Exercise data —
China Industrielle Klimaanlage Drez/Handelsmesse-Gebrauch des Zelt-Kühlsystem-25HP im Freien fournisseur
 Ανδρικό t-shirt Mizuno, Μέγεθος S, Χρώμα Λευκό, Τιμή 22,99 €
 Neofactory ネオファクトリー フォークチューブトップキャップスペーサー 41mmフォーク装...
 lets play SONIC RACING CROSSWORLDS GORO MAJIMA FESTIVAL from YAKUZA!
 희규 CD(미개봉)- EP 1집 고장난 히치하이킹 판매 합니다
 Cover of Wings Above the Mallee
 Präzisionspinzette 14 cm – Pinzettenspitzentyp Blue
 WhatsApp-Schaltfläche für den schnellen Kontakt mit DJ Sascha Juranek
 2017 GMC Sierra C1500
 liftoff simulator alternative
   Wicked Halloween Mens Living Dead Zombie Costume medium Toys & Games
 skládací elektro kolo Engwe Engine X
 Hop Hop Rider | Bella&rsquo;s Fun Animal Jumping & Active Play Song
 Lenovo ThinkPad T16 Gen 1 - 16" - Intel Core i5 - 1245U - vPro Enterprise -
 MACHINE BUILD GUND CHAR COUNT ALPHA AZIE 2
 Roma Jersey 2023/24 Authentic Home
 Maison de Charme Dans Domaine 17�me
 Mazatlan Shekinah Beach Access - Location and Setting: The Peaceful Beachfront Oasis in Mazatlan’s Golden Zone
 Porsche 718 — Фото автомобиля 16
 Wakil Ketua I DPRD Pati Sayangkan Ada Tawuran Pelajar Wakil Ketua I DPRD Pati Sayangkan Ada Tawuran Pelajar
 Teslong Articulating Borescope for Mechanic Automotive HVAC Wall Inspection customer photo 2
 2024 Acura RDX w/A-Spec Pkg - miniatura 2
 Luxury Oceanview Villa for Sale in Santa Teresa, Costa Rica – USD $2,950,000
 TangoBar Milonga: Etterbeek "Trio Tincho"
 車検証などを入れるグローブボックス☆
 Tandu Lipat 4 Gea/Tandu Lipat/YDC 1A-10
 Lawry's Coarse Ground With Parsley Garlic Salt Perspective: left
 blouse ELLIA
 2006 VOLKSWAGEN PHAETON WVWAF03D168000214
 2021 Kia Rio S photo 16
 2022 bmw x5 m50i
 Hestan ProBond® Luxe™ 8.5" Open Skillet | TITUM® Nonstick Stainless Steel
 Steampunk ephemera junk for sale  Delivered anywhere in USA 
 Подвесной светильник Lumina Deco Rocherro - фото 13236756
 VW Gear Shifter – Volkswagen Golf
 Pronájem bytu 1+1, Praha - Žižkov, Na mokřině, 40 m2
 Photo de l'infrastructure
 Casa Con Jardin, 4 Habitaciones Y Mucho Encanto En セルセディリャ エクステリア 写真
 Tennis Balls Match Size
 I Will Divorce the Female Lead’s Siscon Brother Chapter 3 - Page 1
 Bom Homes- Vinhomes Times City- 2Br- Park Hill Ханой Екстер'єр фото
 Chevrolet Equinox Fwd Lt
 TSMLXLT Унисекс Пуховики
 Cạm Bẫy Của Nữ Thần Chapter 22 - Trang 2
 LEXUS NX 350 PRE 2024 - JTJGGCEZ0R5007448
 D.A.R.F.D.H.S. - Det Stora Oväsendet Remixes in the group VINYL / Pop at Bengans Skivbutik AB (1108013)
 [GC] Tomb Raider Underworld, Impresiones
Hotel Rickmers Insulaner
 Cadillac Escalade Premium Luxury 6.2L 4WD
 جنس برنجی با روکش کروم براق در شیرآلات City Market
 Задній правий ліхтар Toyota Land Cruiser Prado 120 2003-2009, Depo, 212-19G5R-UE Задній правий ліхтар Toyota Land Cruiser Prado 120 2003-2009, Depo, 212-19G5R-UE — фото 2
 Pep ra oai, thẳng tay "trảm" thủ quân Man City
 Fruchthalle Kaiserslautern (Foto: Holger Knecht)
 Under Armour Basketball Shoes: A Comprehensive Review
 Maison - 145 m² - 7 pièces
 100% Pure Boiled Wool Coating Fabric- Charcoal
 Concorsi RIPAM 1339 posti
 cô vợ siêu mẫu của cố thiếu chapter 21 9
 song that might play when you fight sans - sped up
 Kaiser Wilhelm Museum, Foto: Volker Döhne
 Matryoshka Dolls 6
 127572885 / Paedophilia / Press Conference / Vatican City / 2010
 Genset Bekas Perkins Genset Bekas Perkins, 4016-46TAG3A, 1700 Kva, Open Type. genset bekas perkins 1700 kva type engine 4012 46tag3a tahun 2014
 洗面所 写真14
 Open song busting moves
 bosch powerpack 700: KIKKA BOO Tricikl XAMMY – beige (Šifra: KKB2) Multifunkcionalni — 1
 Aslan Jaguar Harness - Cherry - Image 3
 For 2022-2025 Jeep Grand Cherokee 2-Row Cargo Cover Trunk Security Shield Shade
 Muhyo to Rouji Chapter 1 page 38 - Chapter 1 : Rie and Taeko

Task to carry out —
Take the listing above and repeat exactly the lines from the one containing "Tennis Balls Match Size" through the one containing "cô vợ siêu mẫu của cố thiếu chapter 21 9", both included.

Problem solution —
 Tennis Balls Match Size
 I Will Divorce the Female Lead’s Siscon Brother Chapter 3 - Page 1
 Bom Homes- Vinhomes Times City- 2Br- Park Hill Ханой Екстер'єр фото
 Chevrolet Equinox Fwd Lt
 TSMLXLT Унисекс Пуховики
 Cạm Bẫy Của Nữ Thần Chapter 22 - Trang 2
 LEXUS NX 350 PRE 2024 - JTJGGCEZ0R5007448
 D.A.R.F.D.H.S. - Det Stora Oväsendet Remixes in the group VINYL / Pop at Bengans Skivbutik AB (1108013)
 [GC] Tomb Raider Underworld, Impresiones
Hotel Rickmers Insulaner
 Cadillac Escalade Premium Luxury 6.2L 4WD
 جنس برنجی با روکش کروم براق در شیرآلات City Market
 Задній правий ліхтар Toyota Land Cruiser Prado 120 2003-2009, Depo, 212-19G5R-UE Задній правий ліхтар Toyota Land Cruiser Prado 120 2003-2009, Depo, 212-19G5R-UE — фото 2
 Pep ra oai, thẳng tay "trảm" thủ quân Man City
 Fruchthalle Kaiserslautern (Foto: Holger Knecht)
 Under Armour Basketball Shoes: A Comprehensive Review
 Maison - 145 m² - 7 pièces
 100% Pure Boiled Wool Coating Fabric- Charcoal
 Concorsi RIPAM 1339 posti
 cô vợ siêu mẫu của cố thiếu chapter 21 9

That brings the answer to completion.